The Prudential Regulation Authority (PRA) has published its 2026/27 Business Plan, setting out a work programme to advance its primary objectives of safety and soundness and, for insurers, policyholder protection, alongside a more proportionate and efficient approach intended to support competition, competitiveness and growth. Priorities include delivering major prudential reforms, strengthening liquidity and operational resilience expectations, and addressing emerging risks including life insurers’ use of Funded Reinsurance. For banks, planned activity includes supervisory support for Basel 3.1 implementation, which the PRA says will better align capital with underlying risks without increasing overall requirements for the sector, and an off-cycle review of firm-specific Pillar 2 requirements ahead of the 1 January 2027 implementation date. Reforms for Small Domestic Deposit Takers (SDDTs) under the Strong and Simple framework will continue, with the simplified capital regime fully in place from 1 January 2027, while the Future Banking Data Programme will pursue further reporting simplifications.

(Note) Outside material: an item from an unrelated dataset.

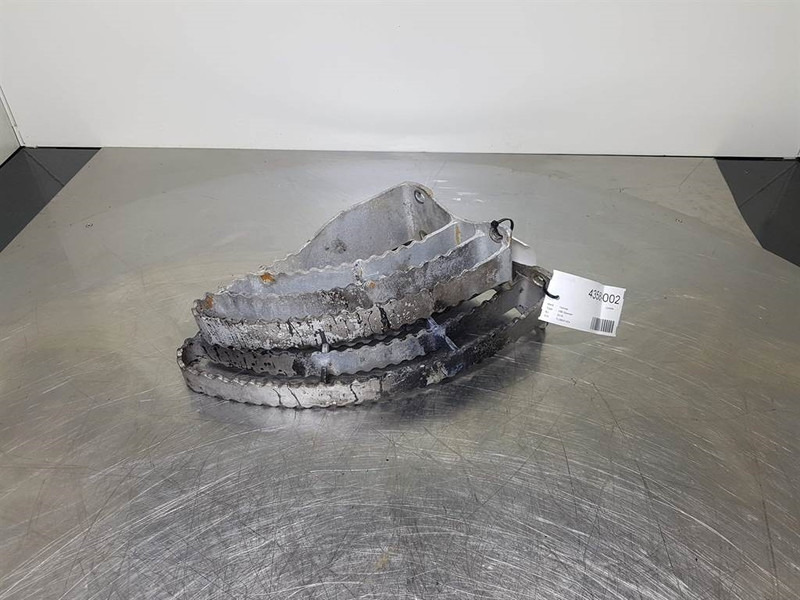 Yanmar V80 Speeder - Stair panel/Trittstufen/Traptreden - Рама/ Шасси: фото 1 Yanmar V80 Speeder - Stair panel/Trittstufen/Traptreden - Рама/ Шасси: фото 1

For insurers, the plan flags embedding new liquidity reporting, developing policy measures on Funded Reinsurance capital treatment, and considering responses on broadening access to alternative third-party capital, alongside ongoing Solvency UK implementation. Internally, the PRA plans to reduce headcount by around 140 staff, move Periodic Summary Meetings to a two-year cycle for all firms, and invest in systems and data capabilities, with a provisional 2026/27 budget of GBP 347 million, down GBP 3 million (1%) year on year, and budgeted headcount of 1,385 full-time equivalents. Next steps include consultation in 2026 H2 on a systematic approach to updating regulatory thresholds, consultation later in 2026 on a UK captive insurer regime being developed with the Financial Conduct Authority (FCA), and consultation during 2026/27 on the next phase of Funded Reinsurance policy. The PRA and FCA’s standardised operational incidents and outsourcing and third‑party reporting regime is due to enter into force in March 2027, and the PRA expects a change in leadership with Sam Woods’ term ending in June and Katharine Braddick taking over in July.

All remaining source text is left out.